Over 400 Unilorin Students Support Kwara Communities On Health, Agriculture
About 470 Community-Based Experience and Service (COBES) students of the Faculty of Agriculture, University of Ilorin (Unilorin), have supported their host communities with farming, health and teaching materials.
The university's Dean of Faculty of Agriculture, Prof. Adebisi Fawole, stated this in Ilorin after visiting various benefiting communities in Kwara.
She explained that the communities spread across four Local Government Areas of Kwara, including Ilorin East, Asa, Ifelodun and Irepodun.
Fawole said that the items distributed to the communities included teaching and medical aids, farm sprays, community signposts and medical equipment.
She described the gesture as a way of giving back to their host communities for the caring opportunities the students enjoyed.
The dean commended members of the communities for hosting the students, while also applauding the students for adapting to the different environments.
She further encouraged the students to cultivate the habit of observing everywhere they found themselves, adding that the programme will facilitate the development of the communities.
“You are encouraged to always give respect to elders, learn some culture training, and make the best use of the opportunity,” she advised.
While comparing her experience to what the students had gone through in the communities, Fawole disclosed that the students should know that they were lucky in their various preferred environments.

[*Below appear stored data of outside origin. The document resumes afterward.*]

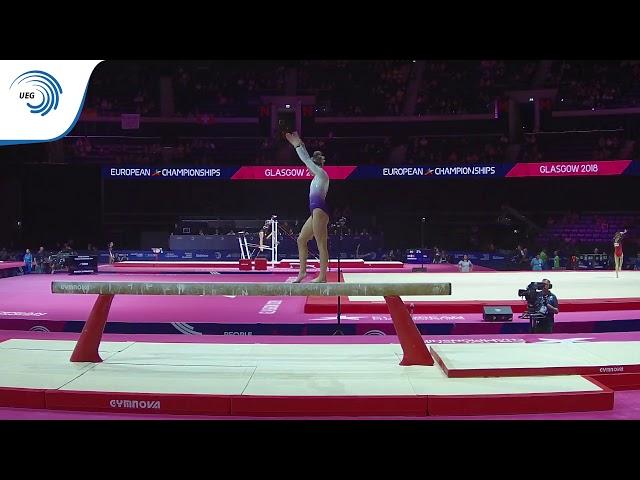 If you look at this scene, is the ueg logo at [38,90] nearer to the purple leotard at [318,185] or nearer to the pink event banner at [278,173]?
the purple leotard at [318,185]

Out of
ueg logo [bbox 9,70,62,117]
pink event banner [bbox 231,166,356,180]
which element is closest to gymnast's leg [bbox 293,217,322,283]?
ueg logo [bbox 9,70,62,117]

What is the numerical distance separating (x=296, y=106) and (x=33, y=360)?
2235 centimetres

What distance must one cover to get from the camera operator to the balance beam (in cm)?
312

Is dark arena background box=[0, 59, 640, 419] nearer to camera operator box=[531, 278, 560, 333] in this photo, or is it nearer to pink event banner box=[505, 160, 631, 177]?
pink event banner box=[505, 160, 631, 177]

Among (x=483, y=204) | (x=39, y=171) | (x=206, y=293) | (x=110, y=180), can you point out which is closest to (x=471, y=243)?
(x=483, y=204)

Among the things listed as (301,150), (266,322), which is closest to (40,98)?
(266,322)

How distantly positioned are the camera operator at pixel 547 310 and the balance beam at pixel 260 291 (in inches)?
123

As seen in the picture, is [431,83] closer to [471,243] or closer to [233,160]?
[471,243]

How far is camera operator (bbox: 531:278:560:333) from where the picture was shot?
25.1 ft

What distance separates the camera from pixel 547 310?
771cm

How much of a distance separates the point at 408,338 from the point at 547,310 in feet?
10.9

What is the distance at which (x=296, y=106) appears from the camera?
26.4m

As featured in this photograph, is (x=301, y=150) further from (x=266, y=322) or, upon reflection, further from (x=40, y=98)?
(x=40, y=98)

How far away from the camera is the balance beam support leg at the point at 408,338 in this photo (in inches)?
209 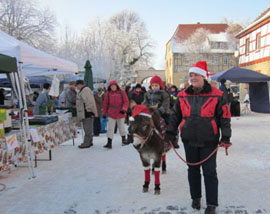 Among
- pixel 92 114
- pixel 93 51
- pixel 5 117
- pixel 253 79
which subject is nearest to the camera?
pixel 5 117

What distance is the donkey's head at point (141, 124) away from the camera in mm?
3904

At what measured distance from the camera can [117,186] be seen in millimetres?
4777

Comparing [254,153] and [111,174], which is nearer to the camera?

“We are glad to bring you to a place where farming is being done; you can ask the farmers questions and contribute through what you have learned in class.
“For the privilege given to us in these areas, we are very happy, and we thank you,” she said.

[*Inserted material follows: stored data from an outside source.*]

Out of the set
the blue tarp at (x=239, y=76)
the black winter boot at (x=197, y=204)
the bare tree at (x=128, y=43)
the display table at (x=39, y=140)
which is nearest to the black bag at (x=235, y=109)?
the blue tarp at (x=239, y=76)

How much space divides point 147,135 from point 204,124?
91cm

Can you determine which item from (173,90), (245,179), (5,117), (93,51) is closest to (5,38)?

In their different remarks, the students' group leaders across the communities disclosed that they observed that the communities were faced with problems of electricity, healthcare, language barrier and transportation.
One of the COBES students, Ms Rebecca Adekola, said they were able to organise career talks to sensitise members of the communities, especially youths, on the need to go further in their education.

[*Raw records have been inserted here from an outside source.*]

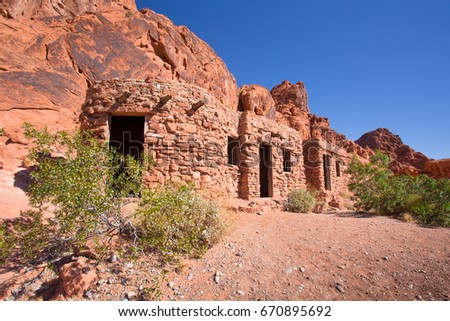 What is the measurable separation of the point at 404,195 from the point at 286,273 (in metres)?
5.61

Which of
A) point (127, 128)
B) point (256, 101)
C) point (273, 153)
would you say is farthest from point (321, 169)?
point (127, 128)

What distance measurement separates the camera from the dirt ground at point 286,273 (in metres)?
2.38

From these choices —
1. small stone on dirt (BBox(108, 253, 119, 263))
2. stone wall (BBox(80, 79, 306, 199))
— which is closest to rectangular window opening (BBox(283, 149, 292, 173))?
stone wall (BBox(80, 79, 306, 199))

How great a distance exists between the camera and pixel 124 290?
8.15ft

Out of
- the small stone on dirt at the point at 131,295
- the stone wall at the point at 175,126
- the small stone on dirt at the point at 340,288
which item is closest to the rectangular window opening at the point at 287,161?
the stone wall at the point at 175,126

According to Adekola, she observed that the communities do not value education as most youths engage largely in farming and commercial motorcycle business in the city.
“Aside from the borehole water, which was drilled for the Ile-Apa community by a good Samaritan, which attracted immigrant farmers to stay, the community lack electricity,” she said.
In his remarks, the UNILORIN Faculty of Agriculture COBES Coordinator, Dr Lateef Adefalu, commended the students for making the faculty and, by extension, the university proud.
He urged them to keep to all the rules guiding their services.